§ To do:
State the number of lines in the records beneath that hold the word "Animal", and add nothing.

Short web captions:
------------------------------------

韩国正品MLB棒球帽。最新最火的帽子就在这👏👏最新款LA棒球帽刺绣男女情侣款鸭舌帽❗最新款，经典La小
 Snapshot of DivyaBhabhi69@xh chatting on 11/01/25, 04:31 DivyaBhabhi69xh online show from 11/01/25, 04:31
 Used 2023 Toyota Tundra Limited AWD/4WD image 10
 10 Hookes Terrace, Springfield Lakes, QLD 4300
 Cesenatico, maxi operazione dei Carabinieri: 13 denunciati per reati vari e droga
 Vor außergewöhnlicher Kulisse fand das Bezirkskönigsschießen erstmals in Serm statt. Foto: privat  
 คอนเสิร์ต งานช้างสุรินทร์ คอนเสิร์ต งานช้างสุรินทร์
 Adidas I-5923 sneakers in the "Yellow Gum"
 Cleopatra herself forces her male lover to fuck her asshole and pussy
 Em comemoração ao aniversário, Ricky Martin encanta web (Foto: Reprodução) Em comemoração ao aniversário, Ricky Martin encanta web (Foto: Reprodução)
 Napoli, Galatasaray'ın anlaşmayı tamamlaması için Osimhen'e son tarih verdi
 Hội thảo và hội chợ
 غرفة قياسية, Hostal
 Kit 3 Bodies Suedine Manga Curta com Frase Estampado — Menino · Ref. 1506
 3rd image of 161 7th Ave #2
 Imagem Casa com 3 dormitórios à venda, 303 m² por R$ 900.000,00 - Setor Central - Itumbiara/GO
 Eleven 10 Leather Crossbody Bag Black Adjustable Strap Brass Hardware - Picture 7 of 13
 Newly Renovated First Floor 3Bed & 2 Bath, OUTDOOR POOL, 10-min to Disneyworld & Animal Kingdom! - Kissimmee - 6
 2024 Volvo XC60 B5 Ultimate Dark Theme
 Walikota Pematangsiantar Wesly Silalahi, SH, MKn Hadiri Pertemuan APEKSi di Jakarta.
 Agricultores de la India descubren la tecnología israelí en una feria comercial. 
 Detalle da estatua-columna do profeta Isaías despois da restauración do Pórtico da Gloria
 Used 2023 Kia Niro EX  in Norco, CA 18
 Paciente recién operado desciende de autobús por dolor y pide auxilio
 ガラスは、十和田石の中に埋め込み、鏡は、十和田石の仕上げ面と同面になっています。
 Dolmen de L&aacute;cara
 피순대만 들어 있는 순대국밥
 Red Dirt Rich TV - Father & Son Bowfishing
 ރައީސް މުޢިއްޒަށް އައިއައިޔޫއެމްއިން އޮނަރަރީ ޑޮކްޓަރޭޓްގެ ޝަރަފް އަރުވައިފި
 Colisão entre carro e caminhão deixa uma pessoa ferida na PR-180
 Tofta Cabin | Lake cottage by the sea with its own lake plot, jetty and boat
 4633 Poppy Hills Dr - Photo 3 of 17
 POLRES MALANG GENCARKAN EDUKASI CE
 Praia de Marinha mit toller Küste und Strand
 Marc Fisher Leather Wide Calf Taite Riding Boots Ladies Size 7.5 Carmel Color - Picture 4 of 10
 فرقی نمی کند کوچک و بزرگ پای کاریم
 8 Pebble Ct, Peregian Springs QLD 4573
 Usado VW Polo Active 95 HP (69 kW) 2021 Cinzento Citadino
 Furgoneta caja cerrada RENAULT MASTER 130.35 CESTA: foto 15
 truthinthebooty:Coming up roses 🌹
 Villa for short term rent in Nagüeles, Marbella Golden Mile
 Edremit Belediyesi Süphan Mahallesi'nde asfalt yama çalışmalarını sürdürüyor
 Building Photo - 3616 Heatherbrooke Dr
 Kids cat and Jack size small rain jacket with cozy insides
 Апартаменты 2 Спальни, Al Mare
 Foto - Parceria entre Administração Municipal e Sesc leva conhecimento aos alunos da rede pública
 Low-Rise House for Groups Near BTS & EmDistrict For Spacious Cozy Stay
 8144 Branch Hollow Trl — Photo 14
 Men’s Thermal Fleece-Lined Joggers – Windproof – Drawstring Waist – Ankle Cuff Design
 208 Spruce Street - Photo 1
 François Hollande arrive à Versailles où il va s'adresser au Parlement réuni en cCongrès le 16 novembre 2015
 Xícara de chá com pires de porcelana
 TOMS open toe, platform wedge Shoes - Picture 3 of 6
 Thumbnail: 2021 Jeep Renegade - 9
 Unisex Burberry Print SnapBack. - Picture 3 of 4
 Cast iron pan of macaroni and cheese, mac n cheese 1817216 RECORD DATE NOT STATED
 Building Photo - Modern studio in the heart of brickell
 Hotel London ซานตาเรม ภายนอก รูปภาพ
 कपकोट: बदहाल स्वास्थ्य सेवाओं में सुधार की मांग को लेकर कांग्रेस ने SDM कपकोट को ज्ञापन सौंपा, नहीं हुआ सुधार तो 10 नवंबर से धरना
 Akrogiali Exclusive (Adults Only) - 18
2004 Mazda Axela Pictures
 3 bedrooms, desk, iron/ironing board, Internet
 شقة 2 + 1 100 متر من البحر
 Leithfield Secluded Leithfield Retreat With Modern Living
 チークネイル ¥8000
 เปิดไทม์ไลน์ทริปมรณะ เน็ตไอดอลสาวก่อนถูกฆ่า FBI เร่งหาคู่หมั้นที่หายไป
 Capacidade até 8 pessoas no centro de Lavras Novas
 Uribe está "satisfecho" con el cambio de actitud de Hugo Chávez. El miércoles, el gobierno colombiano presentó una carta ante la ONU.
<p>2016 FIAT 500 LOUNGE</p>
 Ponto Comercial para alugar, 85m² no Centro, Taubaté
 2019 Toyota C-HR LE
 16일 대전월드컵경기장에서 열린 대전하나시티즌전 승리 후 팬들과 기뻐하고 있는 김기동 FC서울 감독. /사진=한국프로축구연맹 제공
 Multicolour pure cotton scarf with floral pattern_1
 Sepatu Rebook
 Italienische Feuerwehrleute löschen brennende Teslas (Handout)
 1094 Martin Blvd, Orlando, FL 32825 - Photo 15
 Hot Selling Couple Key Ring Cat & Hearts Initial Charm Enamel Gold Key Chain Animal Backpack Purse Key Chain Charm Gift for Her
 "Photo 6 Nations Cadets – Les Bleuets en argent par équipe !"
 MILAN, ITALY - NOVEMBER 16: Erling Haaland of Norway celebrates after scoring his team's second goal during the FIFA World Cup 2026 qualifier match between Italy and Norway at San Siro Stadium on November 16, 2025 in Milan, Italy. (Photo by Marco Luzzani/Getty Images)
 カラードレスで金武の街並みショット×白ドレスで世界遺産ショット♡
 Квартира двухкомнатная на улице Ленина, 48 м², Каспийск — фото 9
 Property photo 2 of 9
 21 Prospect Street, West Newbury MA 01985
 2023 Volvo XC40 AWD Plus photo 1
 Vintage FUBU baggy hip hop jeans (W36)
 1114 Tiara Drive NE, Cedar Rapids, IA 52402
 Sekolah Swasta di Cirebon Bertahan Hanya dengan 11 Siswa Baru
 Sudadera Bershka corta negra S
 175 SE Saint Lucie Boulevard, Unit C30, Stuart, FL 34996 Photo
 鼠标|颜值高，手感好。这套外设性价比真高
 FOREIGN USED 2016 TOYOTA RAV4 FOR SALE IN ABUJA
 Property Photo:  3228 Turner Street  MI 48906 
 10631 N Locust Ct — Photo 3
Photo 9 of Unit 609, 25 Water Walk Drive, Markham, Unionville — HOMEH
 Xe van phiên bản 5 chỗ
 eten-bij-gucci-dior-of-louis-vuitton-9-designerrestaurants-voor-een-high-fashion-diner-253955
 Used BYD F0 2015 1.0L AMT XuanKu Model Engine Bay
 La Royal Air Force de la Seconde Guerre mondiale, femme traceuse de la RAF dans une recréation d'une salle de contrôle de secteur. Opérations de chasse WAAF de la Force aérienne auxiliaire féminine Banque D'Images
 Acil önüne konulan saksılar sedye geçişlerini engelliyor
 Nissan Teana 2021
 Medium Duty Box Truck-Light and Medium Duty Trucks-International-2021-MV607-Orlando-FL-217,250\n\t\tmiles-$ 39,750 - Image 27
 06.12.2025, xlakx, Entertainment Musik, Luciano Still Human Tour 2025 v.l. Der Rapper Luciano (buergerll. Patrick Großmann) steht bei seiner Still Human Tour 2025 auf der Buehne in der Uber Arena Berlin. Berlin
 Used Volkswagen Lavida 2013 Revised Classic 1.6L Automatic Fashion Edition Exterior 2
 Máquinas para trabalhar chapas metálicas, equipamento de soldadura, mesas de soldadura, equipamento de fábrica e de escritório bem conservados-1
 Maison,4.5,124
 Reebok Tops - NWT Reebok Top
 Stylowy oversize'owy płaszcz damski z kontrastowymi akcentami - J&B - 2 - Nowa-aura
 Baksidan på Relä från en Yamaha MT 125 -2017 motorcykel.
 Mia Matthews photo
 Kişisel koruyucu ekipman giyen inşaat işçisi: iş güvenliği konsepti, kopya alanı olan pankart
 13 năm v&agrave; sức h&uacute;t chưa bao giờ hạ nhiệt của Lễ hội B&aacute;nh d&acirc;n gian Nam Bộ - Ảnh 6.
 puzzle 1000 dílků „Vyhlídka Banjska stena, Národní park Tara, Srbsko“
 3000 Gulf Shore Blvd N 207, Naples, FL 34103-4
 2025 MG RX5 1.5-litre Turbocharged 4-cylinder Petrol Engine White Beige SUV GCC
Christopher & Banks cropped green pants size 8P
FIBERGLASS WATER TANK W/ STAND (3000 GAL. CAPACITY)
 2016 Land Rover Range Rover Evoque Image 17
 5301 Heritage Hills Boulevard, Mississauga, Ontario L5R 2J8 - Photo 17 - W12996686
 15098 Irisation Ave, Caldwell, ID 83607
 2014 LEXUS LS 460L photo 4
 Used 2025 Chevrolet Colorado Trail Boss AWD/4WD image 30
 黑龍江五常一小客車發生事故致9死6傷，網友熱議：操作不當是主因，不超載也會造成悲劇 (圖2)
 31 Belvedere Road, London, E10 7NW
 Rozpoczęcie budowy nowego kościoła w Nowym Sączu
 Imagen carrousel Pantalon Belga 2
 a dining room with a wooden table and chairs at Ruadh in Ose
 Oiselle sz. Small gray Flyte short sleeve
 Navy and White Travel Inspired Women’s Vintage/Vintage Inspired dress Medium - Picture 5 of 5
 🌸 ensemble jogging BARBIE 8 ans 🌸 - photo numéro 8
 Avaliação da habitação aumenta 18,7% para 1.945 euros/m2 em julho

------------------------------------

§ Result of this task:
2